Adalaura pensó servirse un whisky, pero Funchi había agotado las reservas del mueble bar, así que se contentó con quedarse sentada fumándose un cigarrillo imaginario. Poco después salió ella misma por el pasillo, y al ver la entrada desde esa perspectiva, se dio cuenta de que la puerta del armario y la de la salida eran prácticamente idénticas, y además estaban colocadas una junto a la otra, por lo que la confusión de Funchi era fácil de explicar. Con una sonrisa divertida, entró ella misma en el armario, tal vez para comprobar qué habían sentido Funchi y Hermafrodante al verse de pronto encerrados en él.

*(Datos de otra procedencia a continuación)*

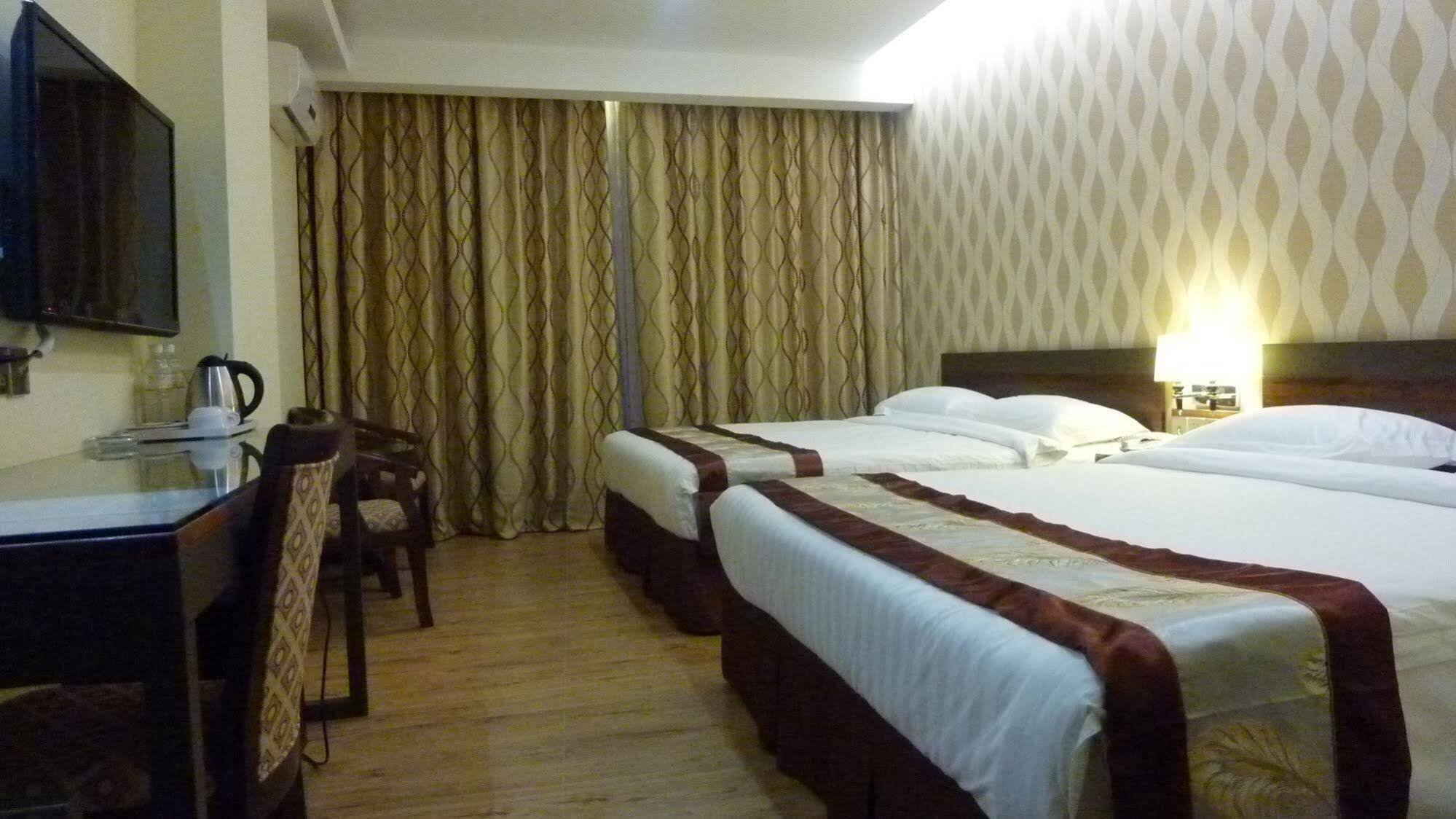 Nova Kuching Hotel 外观 照片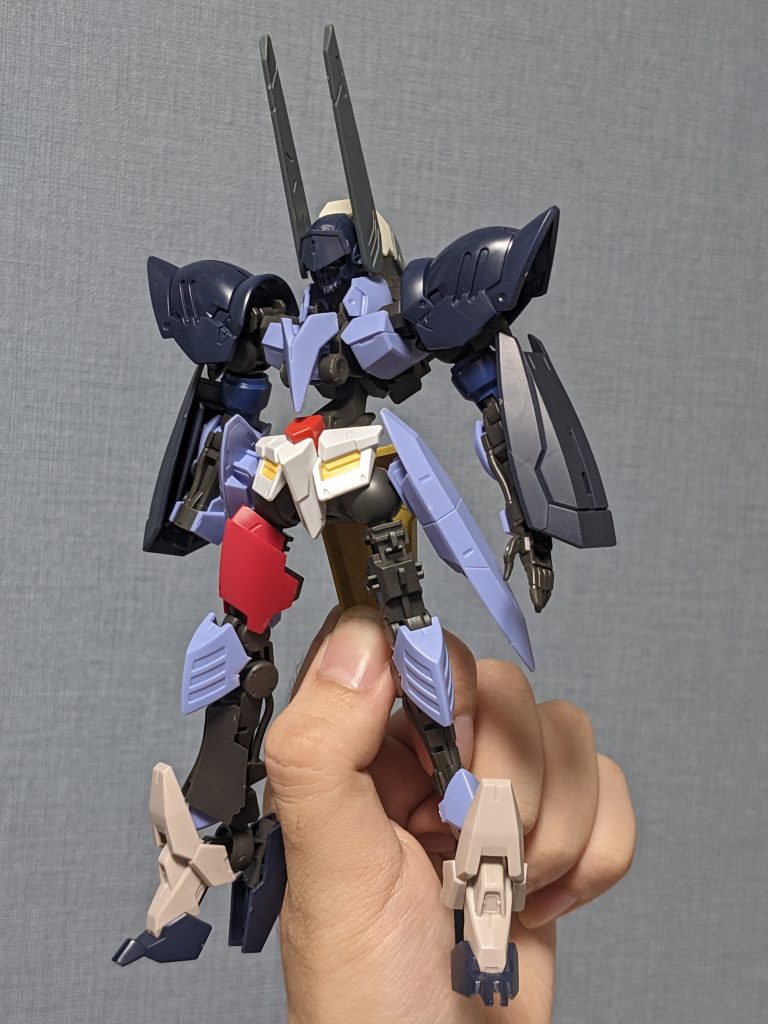 ミキシング中の写真です。顔はジャックエッジの顎に、ニッパーでファントムみたいな切れ込みをいれてます。なるべく海老川兼武デザインの機体を使用してるので、だいぶパーツも馴染んだと思います。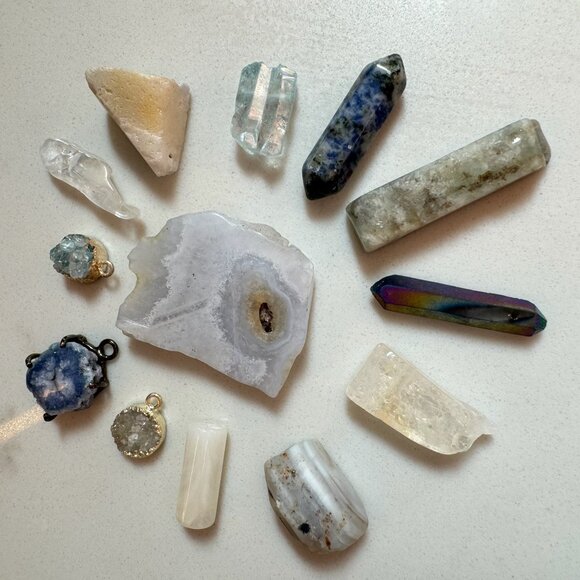Natural Stone and Crystal Pendant Lot - Picture 10 of 12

Es difícil explicar lo que Adalaura experimentó dentro del armario. Tal vez el aire vibró de inquietante manera, tal vez una violenta sacudida eléctrica agitara sus castigados nervios, puede que la luz adquiriese por un instante un inusitado brillo, puede incluso que la atónita detective sintiera un mareo, una náusea, un no sé qué. Lo cierto es que de inmediato sospechó que algo había alterado las coordenadas espacio-temporales, y así lo manifestó en voz alta, diciendo:

–Qué extraña y perturbadora sensación estoy experimentando. ¿Se habrán alterado acaso las coordenadas espacio-temporales? Sería un verdadero fastidio, pues tengo hora en la modista–. La pobre era redicha hasta para cambiar de dimensión.